* [Data]

↓↓↓

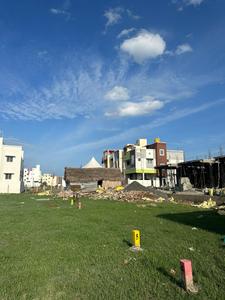 Project Image of 830.0 - 1300.0 Sq.ft Residential Plot Plot for buy in Avatar Sunrise Plots
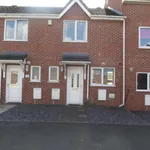 Town house to rent in Ravenhead Road, St. Helens WA10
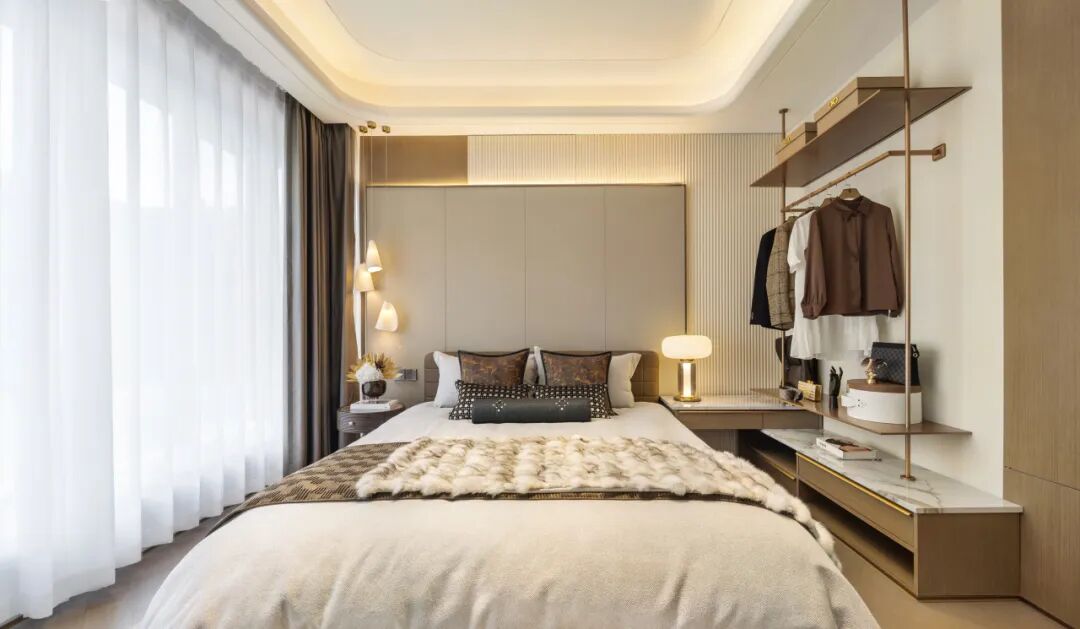 美学臻境，宋韵新生——石家庄藁城区昌盛街地块示范区地产项目-44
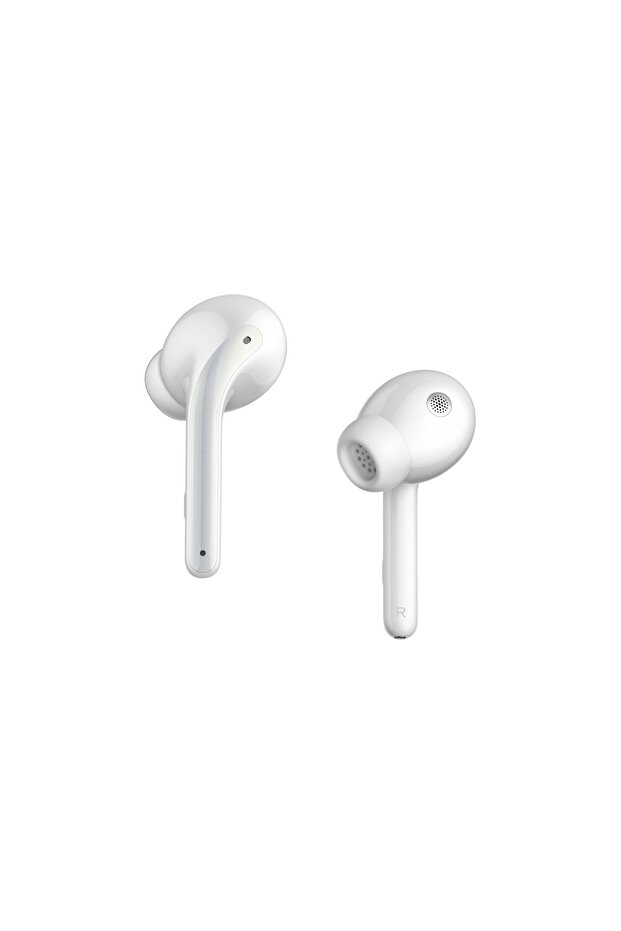Wireless Buds 3 Gloss White - 4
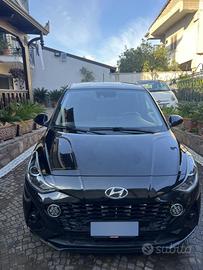 Hyundai I10 come nuova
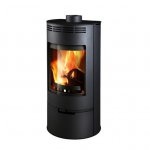 Thorma - Andorra II steel wood stove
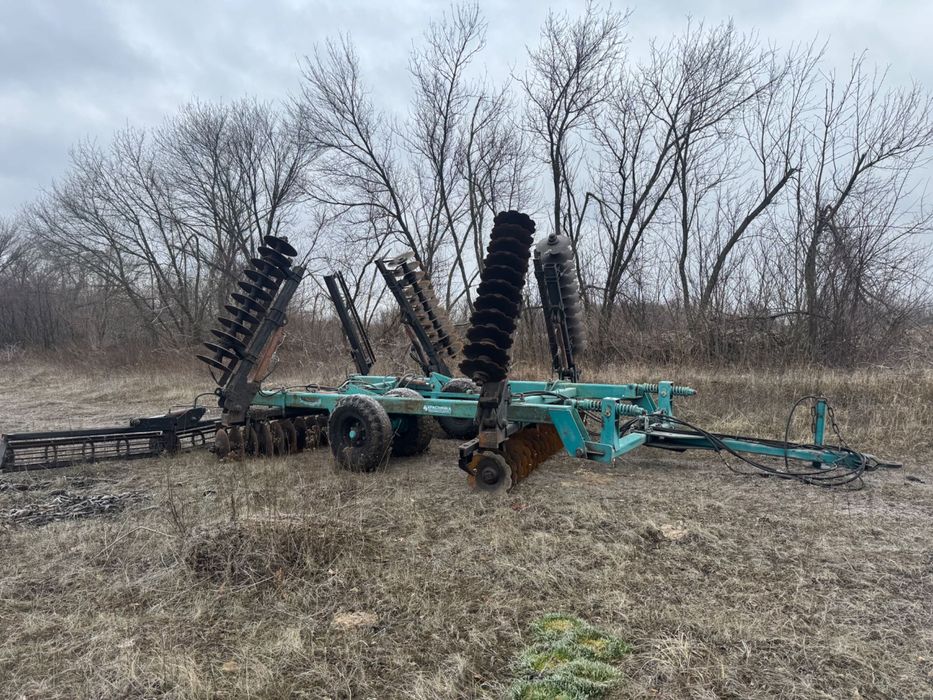 БДЛП 8 «Краснянка»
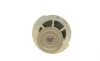 Помпа воды Opel Astra F/G/Combo/Corsa A/B/Kadett D/E/Vectra 1.4/1.6/i/Si 79-04 (B/B) (8 лоп) BUGATTI PA0099 (фото 12)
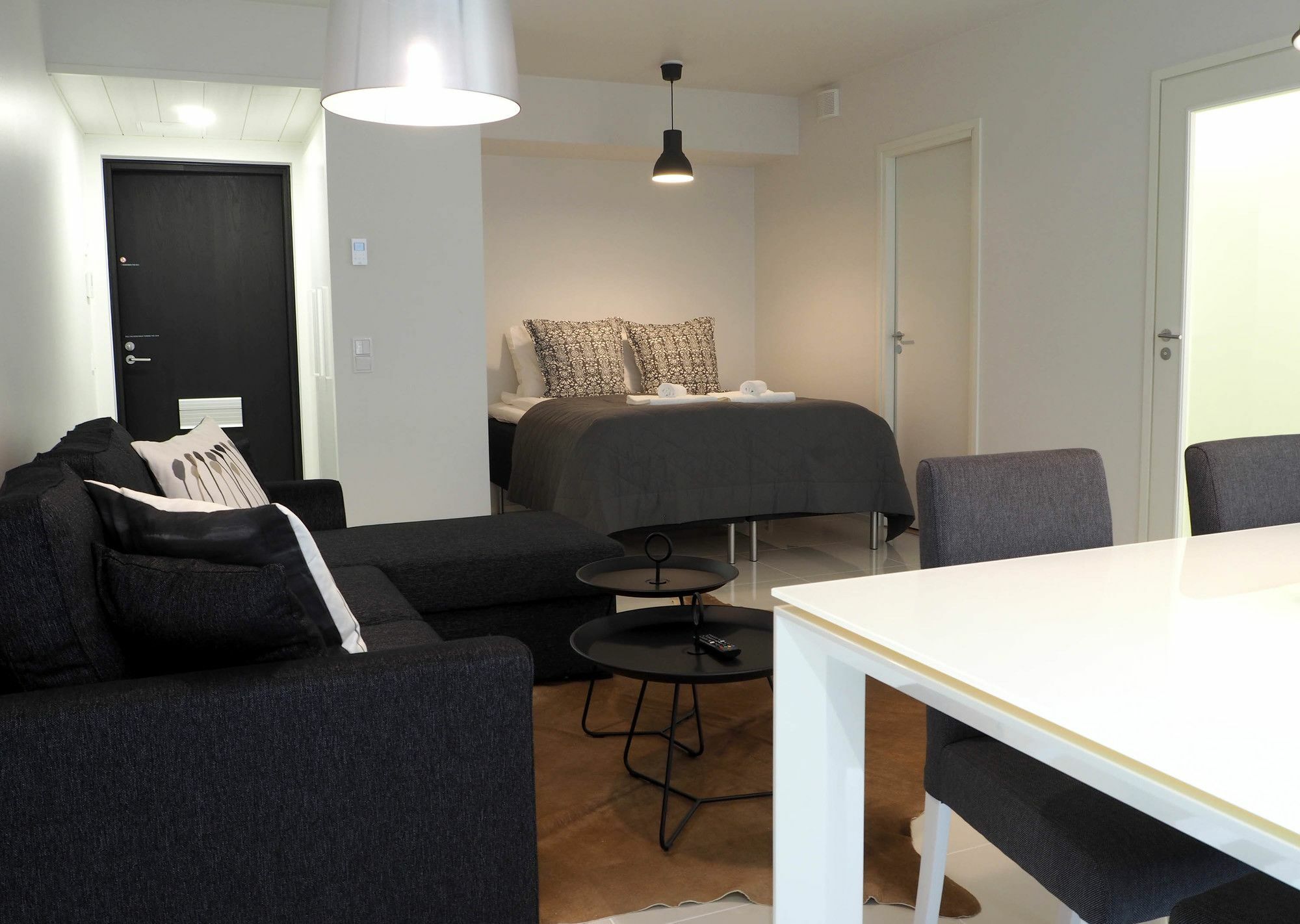 Helsinki Homes Apartments エクステリア 写真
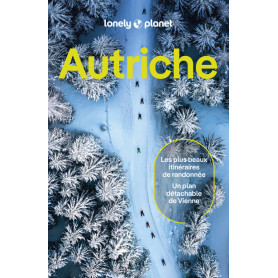 Autriche 5ed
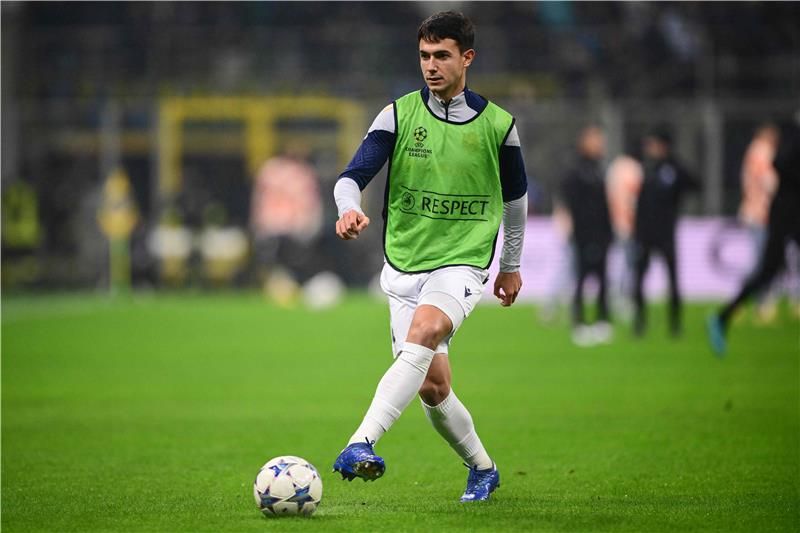 مارتن زوبيميندي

↑↑↑

* [What to do]
In the listing above, find the line containing "Помпа воды Opel" and restate it and every later line verbatim, with the pictures left out.

* [Answer to this problem]
 Помпа воды Opel Astra F/G/Combo/Corsa A/B/Kadett D/E/Vectra 1.4/1.6/i/Si 79-04 (B/B) (8 лоп) BUGATTI PA0099 (фото 12)
 Helsinki Homes Apartments エクステリア 写真
 Autriche 5ed
 مارتن زوبيميندي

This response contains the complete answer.